Robert Mosley is a Broadway performer. Explore their Broadway credits, shows, and songs below.

Part of our Broadway Credits Database, a resource for musical theater fans.

About

Robert Mosley (1927 – April 30, 2002) was an American operatic bass-baritone whose Broadway appearances spanned from 1976 to 1983. Among the first generation of African-American opera singers to achieve wide success, he built a career encompassing opera productions, recitals, and concerts from the 1950s through the 1990s.

Born in Pittsburgh, Pennsylvania, Mosley grew up in Oakland and graduated from Schenley High School in 1946. He studied voice at West Chester University under William E. Bretz. In the early 1950s he appeared in local music revues in Pittsburgh and performed as a featured singer on the KDKA-TV program The Bill Brant Show, serving as the show's regular vocalist from 1955 to 1957. In 1957 he received the Great Lakes Regional Auditions prize at the Metropolitan Opera Auditions of the Air in Cleveland, Ohio, and was subsequently named one of three scholarship winners in the Metropolitan Opera National Council Auditions' New York Broadcast Audition. During the late 1950s and early 1960s he appeared as a concert singer with the Pittsburgh Wind Symphony, the Pittsburgh Symphony Orchestra, the American Broadcasting Company Symphony, the Baltimore Symphony, and the Pittsburgh Pops Orchestra.

In 1962 Mosley relocated to New York City after winning the John Jay Whitney Foundation prize, which funded his continued professional vocal training. That same year he received the Marian Anderson Award, and in 1963 he was awarded a Rockefeller Foundation Grant. In New York he studied with Giuseppe Danise and Pasquale Rescigno. His professional opera debut came in 1965 when he portrayed Porgy in George Gershwin's Porgy and Bess with the New York City Opera at Lincoln Center. That same year he made his New York recital debut at Town Hall and sang Porgy again for his debut with the New York Philharmonic at Avery Fisher Hall. In 1966 he returned to the New York City Opera as Valentin in Faust alongside Beverly Sills as Marguerite, and that year also performed the role of Joe in Show Boat on a State Department-sponsored tour of South America. He reprised Joe for his debut at the Los Angeles Civic Light Opera in 1967 and again for his debut at the Goodspeed Opera House in 1980.

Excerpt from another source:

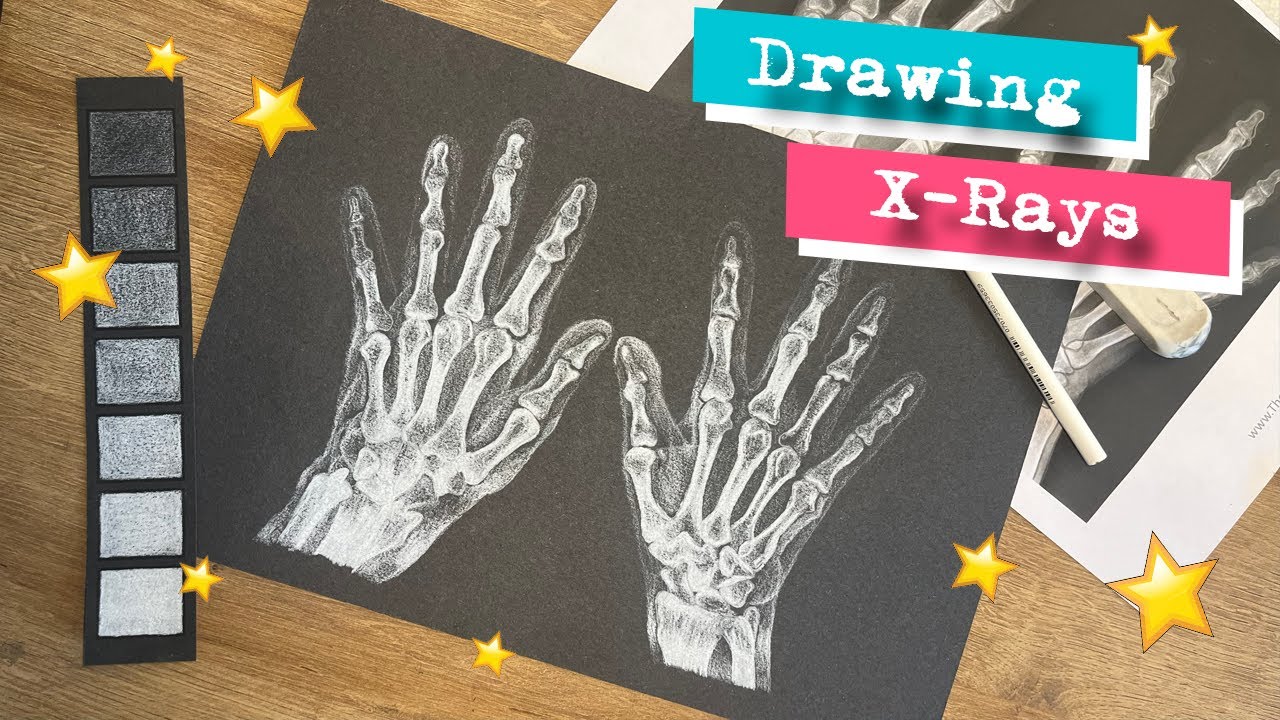 Drawing X-Rays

Mosley's career continued to expand through the late 1960s and into the 1970s. In 1969 he sang Tonio in Pagliacci with the New York City Opera and toured the United States in Carl Orff's Carmina Burana with the American Symphony Orchestra under conductor Leopold Stokowski. His debut at the San Francisco Opera came in 1971 in the title role of Verdi's Rigoletto, with Carol Toscano as Gilda and Harry Danner as the Duke of Mantua. He returned to San Francisco twice more, as Trinity Moses in Kurt Weill's Rise and Fall of the City of Mahagonny in 1972 and as Porgy in 1977. In 1972 he portrayed Amonasro in Aida at the Trenton War Memorial, and in 1973 he made his debut with the Opera Company of Boston as Trinity Moses. His debut with the Seattle Opera followed in 1974 as Amonasro. On April 10, 1976, he created the role of Leonce in the world premiere of William Grant Still's A Bayou Legend with Opera/South in Jackson, Mississippi.

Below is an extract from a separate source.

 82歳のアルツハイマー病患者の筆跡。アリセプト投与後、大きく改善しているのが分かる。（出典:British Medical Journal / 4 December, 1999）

Mosley's most celebrated association was with the role of Porgy, which he portrayed across multiple landmark productions. In 1976 he debuted at the Houston Grand Opera as Porgy opposite Clamma Dale's Bess, alternating in the role with baritone Donnie Ray Albert. That production moved to Broadway in 1976–1977, where Mosley and Albert continued to share the role. The Houston Grand Opera production subsequently toured Europe in 1978, with performances at the Paris Opera, Teatro Margherita, Teatro Massimo, and the Zurich Opera, and Mosley again alternated with Albert. He returned to Broadway in the 1983 revival of Porgy and Bess. On February 23, 1985, he made his Metropolitan Opera debut as Porgy opposite Grace Bumbry's Bess, with James Levine conducting, and he performed the role there for two seasons.

Throughout his career Mosley also sang leading roles with the Fort Worth Opera, Michigan Opera Theater, Pittsburgh Civic Light Opera, and Opera Memphis. His stage repertoire included Ford in Falstaff, Germont in La traviata, Iago in Otello, Scarpia in Tosca, and the title role in The Flying Dutchman. His performance activity slowed considerably after the mid-1980s, though he continued to perform into the final years of his life. He spent those years in Kure Beach, North Carolina, where he died on April 30, 2002.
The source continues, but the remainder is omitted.